弦楽四重奏曲についても然り。ブラームスは3つしかそれを書いていないが(それも比較的若いうちに)、あまりに高く聳え立つ楽聖の16の四重奏曲を意識せざるを得なく、最初のものを発表するまでに習作を含め20作以上を気に入らず破棄したそうだ。ブラームスとはそれほどに自己批判精神の強い、自身に厳しい人だった。

とはいえ、残された3つの弦楽四重奏曲はいずれもがブラームスならではの分厚い響きに縁どられ、しかも優しいまなざしと厳粛な音調が交差する名作となっている。その意味では決してベートーヴェンに引けをとらない。

ブラームス:
・弦楽四重奏曲第1番ハ短調作品51-1(1976.6録音)
・弦楽四重奏曲第2番イ短調作品51-2(1977.2&6録音)
アルバン・ベルク四重奏団
ギュンター・ピヒラー(第1ヴァイオリン)
クラウス・メッツル(第2ヴァイオリン)
ハット・バイエルレ(ヴィオラ)
ヴァレンティン・エルベン(チェロ)

ブラームスの場合、どうしてもクララ・シューマンとの関係性を切り離してその作品を考えるということは不可能。作品51-1の第2楽章ロマンツェに聴く静謐な祈りはどうにもクララへの愛の仄めかしのように聴こえるし、終楽章アレグロのユニゾンで奏される激烈な第1主題は作曲者の鬱積した愛情エネルギーの噴出のように思える。

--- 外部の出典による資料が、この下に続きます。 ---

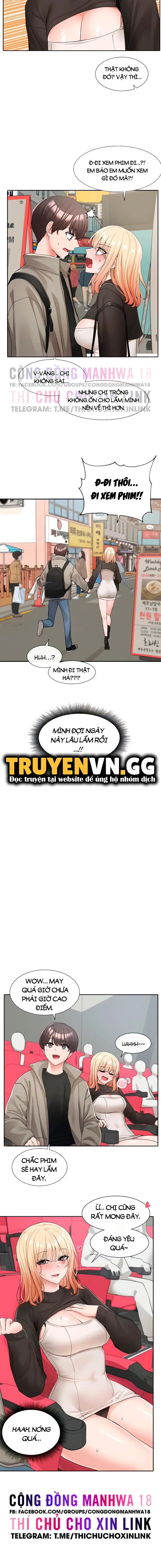 Vòng xoáy chị em - Chapter 115 trang 8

例によってブラームスはこの作品を幾年もの歳月を使い手塩にかけた。書いては捨て、捨てては書いて、すなわちアウトプットを繰り返すことで結果的に自己鍛錬をしていった。

弦楽四重奏曲の作曲に従事しはじめたのは、1860年代後半に入ってからのことらしい。ただし、その素材は、1859年のスケッチにさかのぼるともいわれている。・・・(中略)・・・ブラームスは、その後もおそらくこの曲を手を加えていったようで、1866年8月17日にバーデン・バーデンの近くのクララの住むリヒテンタールにでかけたおりに、8月のクララの日記に「ハ短調の弦楽四重奏曲がブラームスにより演奏された」とあるように、この曲をピアノで試演してクララにきかせた。
「作曲家別名曲解説ライブラリー⑦ブラームス」(音楽之友社)P205

大作曲家が満を持して発表した作品が悪かろうはずがない。そして、結成間もない70年代のアルバン・ベルク四重奏団の実にきびきびとした険しくも柔らかい響きは、当時のブラームスの想いを見事に反映するようで、後年の円熟の演奏とはまた違った意味で推しの一枚だといえる。

同様に、作品51-2の第2楽章アンダンテ・モデラートに聴く崇高な音楽に、クララへの決して叶えられない愛の悲しみの反響を感じるのは僕だけか。あまりに切ないこの旋律に、当時のブラームスの心境が見事に映し出され、ほとんど「私小説」の如くの音調に満ちる。そして、終楽章アレグロ・ノン・アッサイで見事に解放が起こり、すべてが決然と解決される。